* WHAT YOU NEED TO DO:
Copy every entry exactly as it reads and exclude whatever pictures appear.

━━━━━━

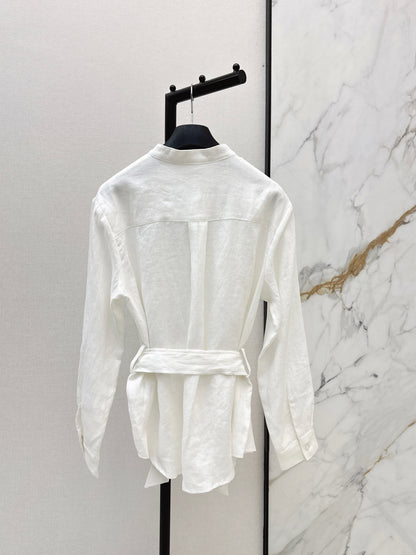 26ss Bee Embroidery Stand Collar Shirt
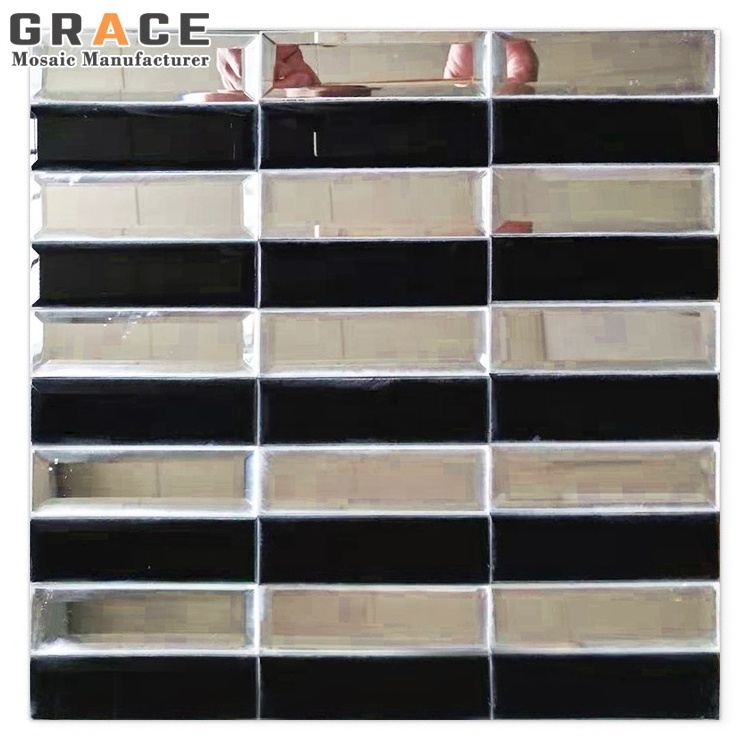 Beveled Edge Silver Wall Makeup Mirror Glass Mosaic Tile Convex Prism Kitchen Backsplash Tile Pool Wall Art Mosaics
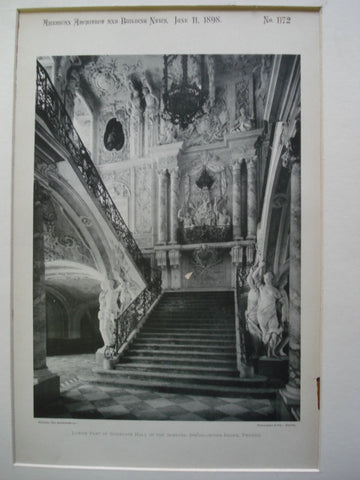 Lower Part of Staircase Hall in the Schloss, Bruhl-on-the-Rhine, Prussia, EUR, 1898, Neumann & Co
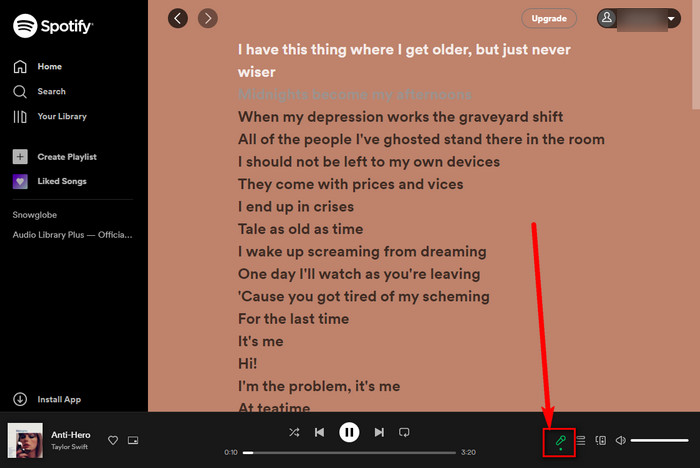 see share lyrics on spotify on desktop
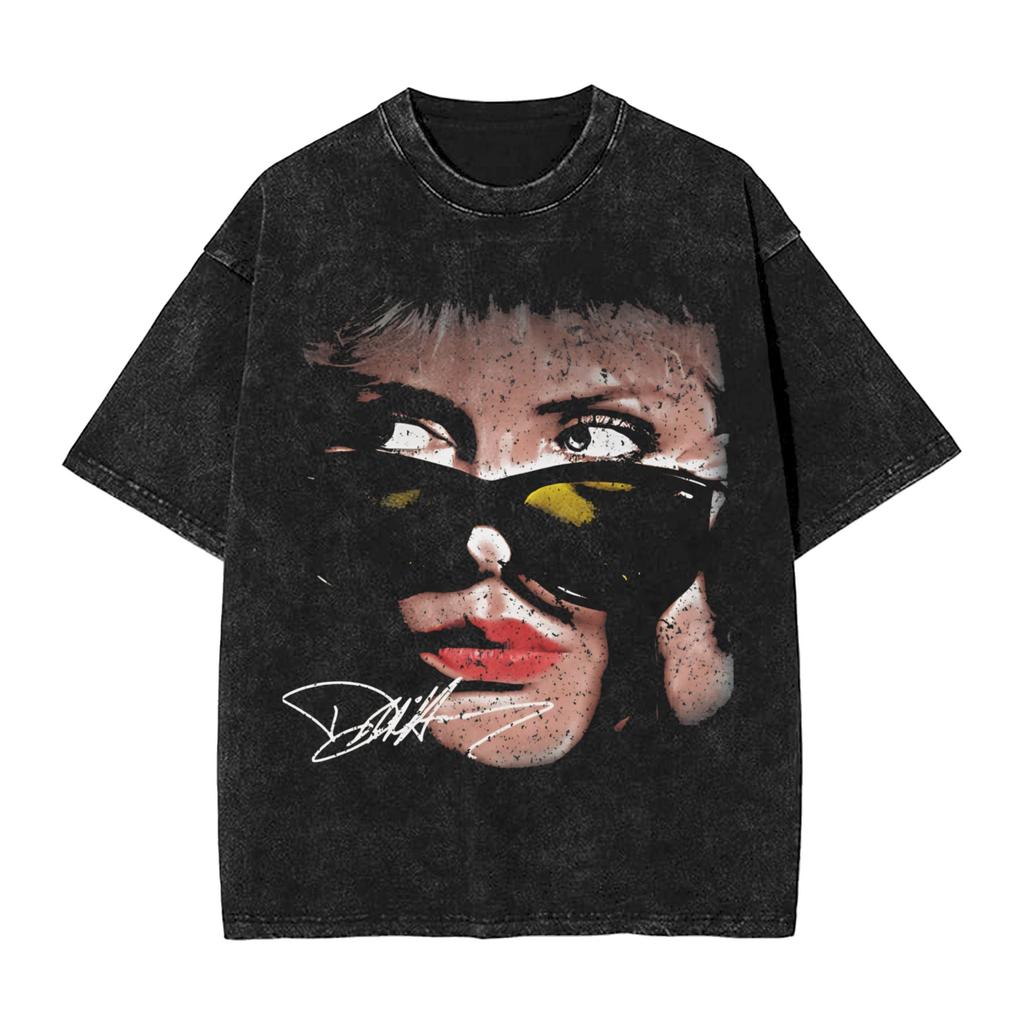 Debbie Harry Auf der Bühne T-Shirts Hip Hop Gewaschen Kurzarm Oversize T-Shirts Vintage für Unisex Damen Streetwear Bedrucktes T-Shirt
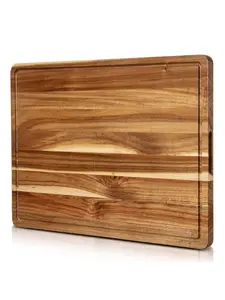 Extra Large Acacia Wood Cutting Board For Kitchen, 24 X 18 Inch Large Butcher Block Chopping Board With Juice Groove, Thick Wood Cutting Boards Carving Board For Turkey Meat Vegetables BBQ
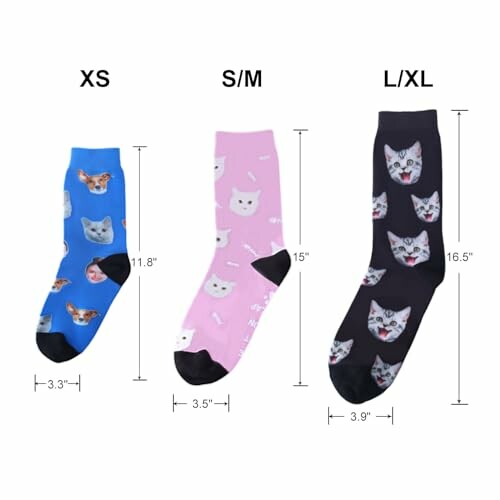 Three pairs of socks with cat and dog patterns in different sizes.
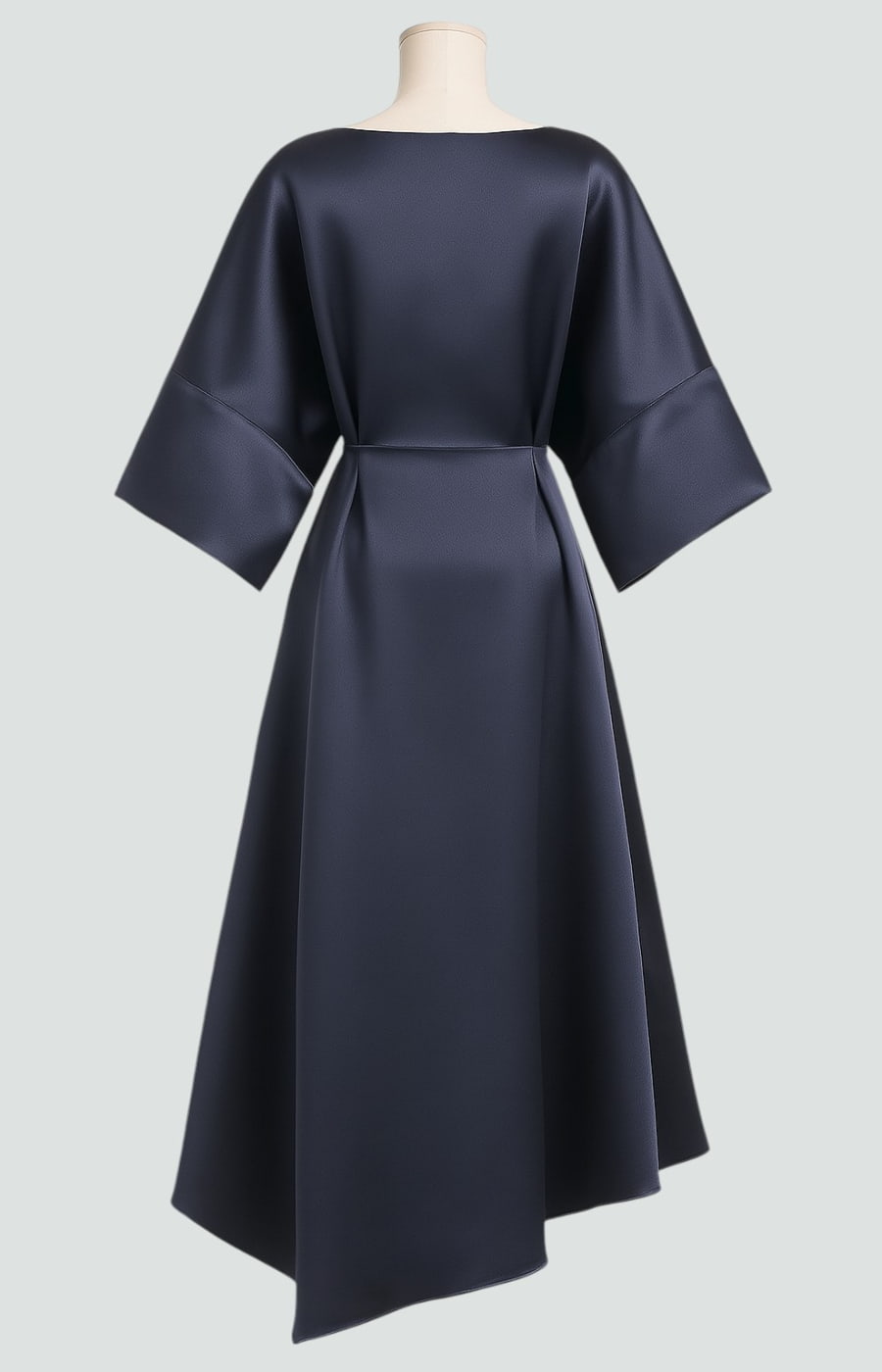 Alberta - Women's Draped Midi Dress with Short Sleeves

━━━━━━

* RESPONSE TO THIS TASK:
 26ss Bee Embroidery Stand Collar Shirt
 Beveled Edge Silver Wall Makeup Mirror Glass Mosaic Tile Convex Prism Kitchen Backsplash Tile Pool Wall Art Mosaics
 Lower Part of Staircase Hall in the Schloss, Bruhl-on-the-Rhine, Prussia, EUR, 1898, Neumann & Co
 see share lyrics on spotify on desktop
 Debbie Harry Auf der Bühne T-Shirts Hip Hop Gewaschen Kurzarm Oversize T-Shirts Vintage für Unisex Damen Streetwear Bedrucktes T-Shirt
 Extra Large Acacia Wood Cutting Board For Kitchen, 24 X 18 Inch Large Butcher Block Chopping Board With Juice Groove, Thick Wood Cutting Boards Carving Board For Turkey Meat Vegetables BBQ
 Three pairs of socks with cat and dog patterns in different sizes.
 Alberta - Women's Draped Midi Dress with Short Sleeves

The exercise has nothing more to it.